C'è, appeso al muro, un calendario personalizzato fatto di listarelle di legno su cui è stata stampata un'immagine stile giardino giapponese, con fiore e uccelli esotici e colorati. E' il regalo che, di solito, si fa ai clienti sotto Natale. Già penso a quando, uscendo di qui, sfodererò contro ogni mio principio un precoce "buone feste", nella speranza di ottenere l'ambito premio.
Ci sono le trecce di capelli appese al muro, all'ombra della mensola su cui è appoggiato lo stereo, feticci di tagli memorabili ed entrati nel mito. Ognuna ha un'etichetta appiccicata sull'estremo prossimale, con scritto il nome di battesimo e la data.
Ci sono, appoggiate sul tavolino, le riviste scandalose di gossip appoggiate che fingo di sfogliare mentre origlio con nonchalance quello che racconta il tizio che si sta facendo rasare appena prima di me. Si sta lamentando dei suoi capelli che, a quanto pare, cadono più di quanto lui vorrebbe. Maledetti!
E, mentre nel profumo di gel si perdono i più classici dei "al limite fai come Berlusconi", seguito dal pronto "però poi si vede e costa un sacco di soldi", io, nel mio angolino della sala, spalmato sulla poltroncina in finta pelle nera, mi preparo psicologicamente al mio turno.
Marco (così si chiama il mio giovane parrucchiere "di fiducia"), tra qualche minuto mi farà accomodare davanti allo speccio con il solito "prego", a metà tra lo strascicato e il servile. Io mi siederò davanti all'impassibile e impietoso specchio delle mie brame che rimanderà l'immagine confusa dei miei ricci anarchici.
Lui sarà intorno a me, a scopare tutt'intorno i (pochi) capelli del signore di prima e li farà sparire in un angolo dietro la porta, misterioso e privato.
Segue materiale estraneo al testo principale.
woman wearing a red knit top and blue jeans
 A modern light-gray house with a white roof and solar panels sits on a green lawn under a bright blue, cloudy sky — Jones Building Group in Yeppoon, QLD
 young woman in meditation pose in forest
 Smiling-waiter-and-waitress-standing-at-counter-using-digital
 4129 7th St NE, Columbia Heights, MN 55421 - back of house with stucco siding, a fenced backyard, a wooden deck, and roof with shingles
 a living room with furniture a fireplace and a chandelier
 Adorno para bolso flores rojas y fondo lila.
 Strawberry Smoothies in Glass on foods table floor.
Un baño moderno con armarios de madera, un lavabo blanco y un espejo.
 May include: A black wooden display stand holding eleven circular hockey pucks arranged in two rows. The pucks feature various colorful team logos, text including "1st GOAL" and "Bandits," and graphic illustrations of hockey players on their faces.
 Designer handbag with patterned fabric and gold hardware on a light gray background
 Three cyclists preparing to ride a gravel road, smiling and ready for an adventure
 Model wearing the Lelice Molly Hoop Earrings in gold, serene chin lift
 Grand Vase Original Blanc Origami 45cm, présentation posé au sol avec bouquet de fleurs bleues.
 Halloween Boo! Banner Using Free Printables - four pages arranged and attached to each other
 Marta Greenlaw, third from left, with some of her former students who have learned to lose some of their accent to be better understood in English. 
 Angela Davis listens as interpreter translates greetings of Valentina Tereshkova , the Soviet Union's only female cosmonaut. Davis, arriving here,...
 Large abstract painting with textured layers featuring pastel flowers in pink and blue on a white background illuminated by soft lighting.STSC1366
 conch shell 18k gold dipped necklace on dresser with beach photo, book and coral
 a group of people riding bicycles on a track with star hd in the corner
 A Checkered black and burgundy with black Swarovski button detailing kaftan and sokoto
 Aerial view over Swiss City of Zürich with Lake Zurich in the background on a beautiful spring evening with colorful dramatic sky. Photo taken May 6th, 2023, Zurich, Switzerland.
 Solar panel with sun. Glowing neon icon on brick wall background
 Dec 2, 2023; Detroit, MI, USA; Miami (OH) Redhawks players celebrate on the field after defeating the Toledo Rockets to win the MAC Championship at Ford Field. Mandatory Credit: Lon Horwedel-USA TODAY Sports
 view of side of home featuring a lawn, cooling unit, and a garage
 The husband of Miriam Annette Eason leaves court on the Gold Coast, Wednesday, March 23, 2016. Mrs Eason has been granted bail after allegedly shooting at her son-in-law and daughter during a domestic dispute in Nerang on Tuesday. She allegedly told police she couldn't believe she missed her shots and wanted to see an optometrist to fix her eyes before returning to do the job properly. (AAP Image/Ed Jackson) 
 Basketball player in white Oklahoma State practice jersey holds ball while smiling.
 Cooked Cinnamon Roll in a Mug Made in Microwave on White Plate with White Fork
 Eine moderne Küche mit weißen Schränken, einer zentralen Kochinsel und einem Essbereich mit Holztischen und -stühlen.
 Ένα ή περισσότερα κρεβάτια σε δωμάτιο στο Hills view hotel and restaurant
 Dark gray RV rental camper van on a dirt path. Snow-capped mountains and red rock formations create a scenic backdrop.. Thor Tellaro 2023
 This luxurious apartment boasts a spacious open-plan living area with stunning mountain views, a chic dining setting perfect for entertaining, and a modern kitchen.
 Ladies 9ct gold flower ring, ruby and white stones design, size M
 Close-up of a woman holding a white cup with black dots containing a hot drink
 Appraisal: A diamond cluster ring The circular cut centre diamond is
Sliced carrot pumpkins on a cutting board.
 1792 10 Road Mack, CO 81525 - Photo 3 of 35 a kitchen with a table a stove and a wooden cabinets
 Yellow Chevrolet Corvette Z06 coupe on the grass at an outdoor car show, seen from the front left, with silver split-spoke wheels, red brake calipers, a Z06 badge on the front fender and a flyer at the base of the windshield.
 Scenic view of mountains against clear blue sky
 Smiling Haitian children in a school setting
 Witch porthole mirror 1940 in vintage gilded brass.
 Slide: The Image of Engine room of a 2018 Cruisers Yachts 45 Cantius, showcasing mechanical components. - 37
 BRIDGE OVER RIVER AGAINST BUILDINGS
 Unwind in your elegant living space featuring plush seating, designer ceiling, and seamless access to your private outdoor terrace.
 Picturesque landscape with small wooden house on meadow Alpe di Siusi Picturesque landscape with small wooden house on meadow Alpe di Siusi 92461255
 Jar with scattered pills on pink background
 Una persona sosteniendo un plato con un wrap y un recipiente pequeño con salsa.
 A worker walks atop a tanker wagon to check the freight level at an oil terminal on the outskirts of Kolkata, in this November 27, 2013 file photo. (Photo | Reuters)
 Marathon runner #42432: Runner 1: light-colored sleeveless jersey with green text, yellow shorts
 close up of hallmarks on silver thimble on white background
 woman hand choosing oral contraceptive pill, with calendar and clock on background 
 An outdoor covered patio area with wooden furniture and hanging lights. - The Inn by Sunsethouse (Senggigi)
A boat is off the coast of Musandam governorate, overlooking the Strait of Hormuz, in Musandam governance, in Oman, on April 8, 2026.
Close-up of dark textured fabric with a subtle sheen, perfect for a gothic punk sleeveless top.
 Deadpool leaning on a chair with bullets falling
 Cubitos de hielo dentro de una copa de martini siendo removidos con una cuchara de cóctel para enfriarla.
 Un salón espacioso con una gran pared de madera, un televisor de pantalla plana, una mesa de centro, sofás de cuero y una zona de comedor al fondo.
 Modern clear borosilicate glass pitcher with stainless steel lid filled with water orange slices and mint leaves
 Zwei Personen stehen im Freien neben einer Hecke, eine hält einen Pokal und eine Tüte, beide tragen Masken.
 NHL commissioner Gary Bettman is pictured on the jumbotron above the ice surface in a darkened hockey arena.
Alla radio le solite canzoni rock di Virgin, finchè scoccherà, implacabile e puntuale il solito, temuto interrogativo: "Come li facciamo?".
Lo pronuncerà come sempre, monotono, apparentemente senza il minimo imbarazzo per lo sparuto cespuglio di rovi che si estende dal punto più alto della mia fronte fino alla nuca, posteriormente.
Sarò preparato e, come al solito, risponderò "il solito", con il volto risoluto del pensionato che ordina il bianchino al bar. Sembrerà sensato e pertinente, come se non fosse semplicemente il patetico tentativo di celare la mia ignoranza in fatto di aggettivi e descrizioni adatti a una pettinatura. Campo in cui sono, a dir poco, profano.
Dopo qualche secondo di riflessione attaccherà a parlare. Della sua gamba e della riabilitazione dopo l'incidente, prima; di motori, modelli e cilindrate di motociclette che non conosco, poi. Ovviamente, passando attraverso motoGP, gran premi di formula uno che non ho visto, circuiti e piloti dalle gesta eroiche che, ovviamente, non conosco se non per sentito dire.
Questa volta sono preparato. So che l'amata Ferrari ha perso il mondiale di formula 1 qualche giorno fa e che alcuni vogliono che Montezemolo si dimetta. L'ho letto in un pop-up che si è aperto stamattina, quando ho aperto la mail di Virgilio.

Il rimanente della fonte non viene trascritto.